* [EXERCISE]
Reproduce the opening lines of the records exactly, up to and including the line in which "2019 Panini Contenders" occurs.
------------------------------------------------
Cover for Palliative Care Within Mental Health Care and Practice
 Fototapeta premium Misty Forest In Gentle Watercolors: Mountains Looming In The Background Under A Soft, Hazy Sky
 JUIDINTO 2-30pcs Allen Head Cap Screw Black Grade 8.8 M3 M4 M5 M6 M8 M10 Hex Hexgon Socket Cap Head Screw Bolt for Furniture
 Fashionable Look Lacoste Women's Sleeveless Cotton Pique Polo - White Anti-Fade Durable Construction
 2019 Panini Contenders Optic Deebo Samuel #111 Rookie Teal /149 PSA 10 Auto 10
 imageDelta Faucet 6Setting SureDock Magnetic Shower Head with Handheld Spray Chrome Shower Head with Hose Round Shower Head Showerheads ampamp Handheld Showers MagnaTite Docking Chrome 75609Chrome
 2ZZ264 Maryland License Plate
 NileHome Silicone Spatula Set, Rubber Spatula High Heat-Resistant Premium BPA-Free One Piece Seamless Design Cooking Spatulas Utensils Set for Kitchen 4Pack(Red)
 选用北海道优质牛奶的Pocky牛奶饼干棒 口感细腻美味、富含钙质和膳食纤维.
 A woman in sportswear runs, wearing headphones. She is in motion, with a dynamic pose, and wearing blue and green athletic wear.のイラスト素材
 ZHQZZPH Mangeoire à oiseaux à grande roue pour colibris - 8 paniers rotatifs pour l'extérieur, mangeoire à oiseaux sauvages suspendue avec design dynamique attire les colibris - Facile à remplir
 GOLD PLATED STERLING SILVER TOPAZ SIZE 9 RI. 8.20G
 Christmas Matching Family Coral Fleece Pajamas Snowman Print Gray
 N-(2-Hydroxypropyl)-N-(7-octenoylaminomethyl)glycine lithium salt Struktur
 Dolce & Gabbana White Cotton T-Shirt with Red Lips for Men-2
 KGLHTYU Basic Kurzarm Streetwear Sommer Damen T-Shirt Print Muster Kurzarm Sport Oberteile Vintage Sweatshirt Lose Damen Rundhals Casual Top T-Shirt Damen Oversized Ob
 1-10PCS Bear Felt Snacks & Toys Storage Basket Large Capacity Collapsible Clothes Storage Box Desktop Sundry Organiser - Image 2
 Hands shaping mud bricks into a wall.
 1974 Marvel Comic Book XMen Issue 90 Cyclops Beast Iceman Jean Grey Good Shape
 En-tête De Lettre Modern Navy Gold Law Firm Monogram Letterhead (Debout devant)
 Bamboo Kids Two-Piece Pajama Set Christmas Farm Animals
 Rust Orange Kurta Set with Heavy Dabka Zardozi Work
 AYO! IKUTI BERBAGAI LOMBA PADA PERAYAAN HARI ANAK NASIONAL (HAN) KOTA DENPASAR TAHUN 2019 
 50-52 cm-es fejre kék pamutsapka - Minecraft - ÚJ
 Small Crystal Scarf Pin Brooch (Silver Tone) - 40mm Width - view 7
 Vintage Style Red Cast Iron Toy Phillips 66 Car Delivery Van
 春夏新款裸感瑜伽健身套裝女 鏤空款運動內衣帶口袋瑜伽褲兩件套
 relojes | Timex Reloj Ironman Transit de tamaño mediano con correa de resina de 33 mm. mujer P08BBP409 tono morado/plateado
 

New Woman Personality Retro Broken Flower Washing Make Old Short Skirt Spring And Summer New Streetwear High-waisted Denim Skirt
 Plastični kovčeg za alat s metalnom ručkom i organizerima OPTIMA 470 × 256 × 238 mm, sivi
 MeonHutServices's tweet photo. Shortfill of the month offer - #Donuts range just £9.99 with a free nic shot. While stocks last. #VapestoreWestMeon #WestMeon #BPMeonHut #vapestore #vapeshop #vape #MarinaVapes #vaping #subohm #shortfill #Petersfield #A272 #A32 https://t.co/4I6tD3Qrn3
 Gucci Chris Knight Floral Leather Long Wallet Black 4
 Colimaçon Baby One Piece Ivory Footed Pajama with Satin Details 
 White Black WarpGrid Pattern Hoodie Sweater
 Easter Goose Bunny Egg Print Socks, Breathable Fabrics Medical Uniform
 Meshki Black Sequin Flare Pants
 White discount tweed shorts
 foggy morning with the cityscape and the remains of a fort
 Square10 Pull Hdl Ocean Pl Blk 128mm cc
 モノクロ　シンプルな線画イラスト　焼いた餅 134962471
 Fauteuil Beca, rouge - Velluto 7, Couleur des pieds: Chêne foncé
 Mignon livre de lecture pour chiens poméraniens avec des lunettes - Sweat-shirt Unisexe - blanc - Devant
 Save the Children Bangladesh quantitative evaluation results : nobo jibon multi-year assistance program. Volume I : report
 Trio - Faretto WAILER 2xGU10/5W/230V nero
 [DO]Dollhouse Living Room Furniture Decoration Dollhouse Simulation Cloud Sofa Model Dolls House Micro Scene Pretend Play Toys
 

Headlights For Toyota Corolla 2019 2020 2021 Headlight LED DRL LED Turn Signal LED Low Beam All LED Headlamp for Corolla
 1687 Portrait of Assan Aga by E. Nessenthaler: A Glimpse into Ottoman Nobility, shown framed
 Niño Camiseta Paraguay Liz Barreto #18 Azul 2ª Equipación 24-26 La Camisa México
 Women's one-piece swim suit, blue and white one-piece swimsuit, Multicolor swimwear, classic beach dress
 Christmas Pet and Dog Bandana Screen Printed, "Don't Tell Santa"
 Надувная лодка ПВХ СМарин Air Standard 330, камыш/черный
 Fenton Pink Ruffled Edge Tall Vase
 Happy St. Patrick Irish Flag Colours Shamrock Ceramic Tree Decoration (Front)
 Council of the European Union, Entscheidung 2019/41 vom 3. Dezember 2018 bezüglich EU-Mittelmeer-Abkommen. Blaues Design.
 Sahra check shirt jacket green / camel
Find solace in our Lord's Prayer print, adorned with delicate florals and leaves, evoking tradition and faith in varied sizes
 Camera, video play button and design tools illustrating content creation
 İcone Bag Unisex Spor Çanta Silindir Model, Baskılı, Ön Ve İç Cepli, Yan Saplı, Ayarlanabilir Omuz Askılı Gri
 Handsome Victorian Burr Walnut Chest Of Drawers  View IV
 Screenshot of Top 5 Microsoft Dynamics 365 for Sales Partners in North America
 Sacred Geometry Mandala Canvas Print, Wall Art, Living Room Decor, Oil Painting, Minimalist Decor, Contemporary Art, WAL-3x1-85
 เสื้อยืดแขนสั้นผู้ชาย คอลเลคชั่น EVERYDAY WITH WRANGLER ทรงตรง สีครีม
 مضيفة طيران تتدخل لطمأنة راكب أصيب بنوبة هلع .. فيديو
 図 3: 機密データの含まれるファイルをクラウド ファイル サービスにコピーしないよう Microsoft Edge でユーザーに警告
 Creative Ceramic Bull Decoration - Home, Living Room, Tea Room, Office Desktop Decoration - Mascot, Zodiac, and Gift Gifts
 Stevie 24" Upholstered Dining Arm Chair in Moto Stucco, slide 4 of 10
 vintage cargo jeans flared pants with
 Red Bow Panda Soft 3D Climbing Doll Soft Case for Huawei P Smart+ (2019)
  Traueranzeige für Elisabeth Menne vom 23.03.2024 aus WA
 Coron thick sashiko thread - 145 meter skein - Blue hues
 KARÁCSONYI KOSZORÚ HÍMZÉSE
------------------------------------------------
* [RESPONSE]
Cover for Palliative Care Within Mental Health Care and Practice
 Fototapeta premium Misty Forest In Gentle Watercolors: Mountains Looming In The Background Under A Soft, Hazy Sky
 JUIDINTO 2-30pcs Allen Head Cap Screw Black Grade 8.8 M3 M4 M5 M6 M8 M10 Hex Hexgon Socket Cap Head Screw Bolt for Furniture
 Fashionable Look Lacoste Women's Sleeveless Cotton Pique Polo - White Anti-Fade Durable Construction
 2019 Panini Contenders Optic Deebo Samuel #111 Rookie Teal /149 PSA 10 Auto 10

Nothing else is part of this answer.